As your Honours know, at first instance the date of the ending, I should say the breakdown of the relationship was held factually, as your Honours will see at first instance paragraph 158, to be no later than the date when the respondent proposed to my Trustee client that the applicant’s superannuation be resorted to as a financial resource in the first instance to meet those daily accommodation payments.

Your Honours also know that, in a way which is likely to be characteristic but is more relevant here for the substantive application if any could be made, there is of course the next generation, the children of one of the parties. Very commonly, the children of a marriage of one of the parties to the unmarried relationship are involved in these questions of property.

Against that background, in our submission, one sees that the critical jurisdictional provisions, perhaps start sensibly with section 90SM, which stipulates that a property settlement proceeding by de facto parties can be commenced after breakdown of the relationship. Under subsection 44(5) of the Act, a different expression is used for what is called the period within which such an application may be made, at least in its first form, namely two years after the end of the de facto relationship.

It is no doubt in that latter context that one sees in paragraph 90RD(2)(d) that, among the declarations within the Court’s power to make declarations as to when a de facto relationship ended, I need to draw to attention as one of the matters that may or may not involve.....in this or later cases concerning the statutory terms that the notion of breakdown does not appear to arise in terms of those declarations that can be made. As your Honours would expect, that does not present a difficulty so far as concerns binding findings of a breakdown, as opposed to, if it be different, an end of a relationship.

The next obvious point to go to is the role which, on any part and side of the argument, is considerable, of section 4AA’s definition of “de facto relationship”. Now, a de facto relationship includes, substantively, in paragraph (1)(c) of that definition, the conclusion:

having regard to all the circumstances of their relationship –

that the people in question:

have a relationship as a couple living together on a genuine domestic basis.

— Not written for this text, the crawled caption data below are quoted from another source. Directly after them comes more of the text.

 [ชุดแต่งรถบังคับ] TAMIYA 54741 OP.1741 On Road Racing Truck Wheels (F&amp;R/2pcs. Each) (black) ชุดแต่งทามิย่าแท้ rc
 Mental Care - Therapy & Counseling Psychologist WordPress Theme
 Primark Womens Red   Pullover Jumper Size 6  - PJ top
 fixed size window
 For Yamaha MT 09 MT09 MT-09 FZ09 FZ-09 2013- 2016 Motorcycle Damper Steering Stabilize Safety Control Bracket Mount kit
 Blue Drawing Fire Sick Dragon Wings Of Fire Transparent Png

It is, with respect, in the contrasting or comparable position of a formal marriage, a legal marriage, easy to see why there is a revulsion at the notion that the relationship ends or breaks down because a beloved wife has to go into care, or a beloved husband is required to be looked after in special facilities which amount to, on any view of it factually, the couple no longer living together. In other words, we accept that with respect to irretrievable breakdown for a marriage, the exigencies which may divide people who would wish otherwise to be together cannot possibly sensibly be regarded as producing the conclusion of an irretrievable breakdown of a relationship.

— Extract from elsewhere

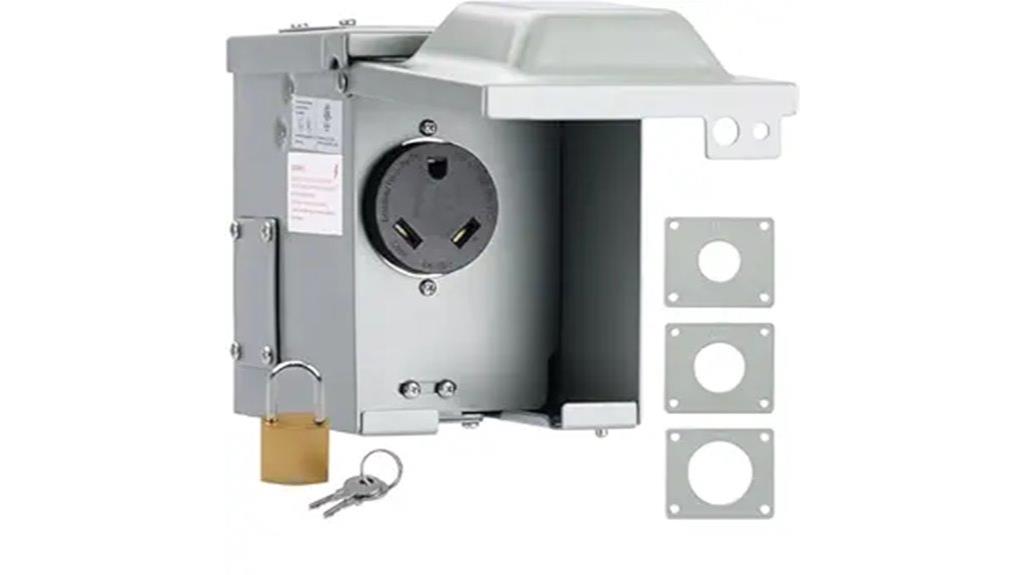 30 amp rv power outlet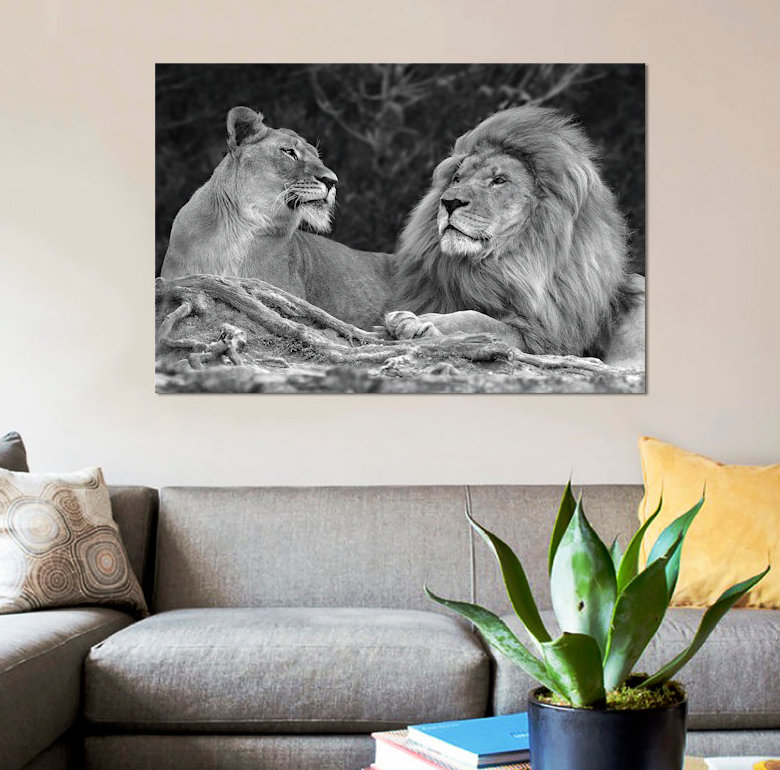 «Love», impression sur toile tendue, H 8 po x l 12 po x P 0,75 po, Toile tendue, Pas de tapis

The ancillary provisions, with respect to sections 48 and 49 for irretrievable breakdown of a marriage, and intentional unilateral separation, of course, speaks loudly in that regard. But there are no such provisions in relation to de facto relationship, and there is what might be called the open‑ended non‑exhaustive and case‑specific circumstantially‑weighed set of factors, not exhaustive, I stress, in subsection (2) of section 4AA’s definition of de facto relationship, and they speak in terms that do not require, one way or the other, a position to be taken in either a particular relationship or in relationships generally, what happens when there can no longer be any concept of living together on a genuine domestic basis by reason of the separation such as one sees factually in this case. Now, in this case ‑ ‑ ‑

GORDON J: It is a matter of construction though, Mr Walker, (2)(b) may say otherwise.

MR WALKER: Your Honour is, with great respect, entirely right. (2)(b):

the nature and extent of their common residence ‑


it is not alone in that regard – the same is true with (c), (d), (e), (f), in particular – and one cannot but wonder just how far the ramifications of (i) will go.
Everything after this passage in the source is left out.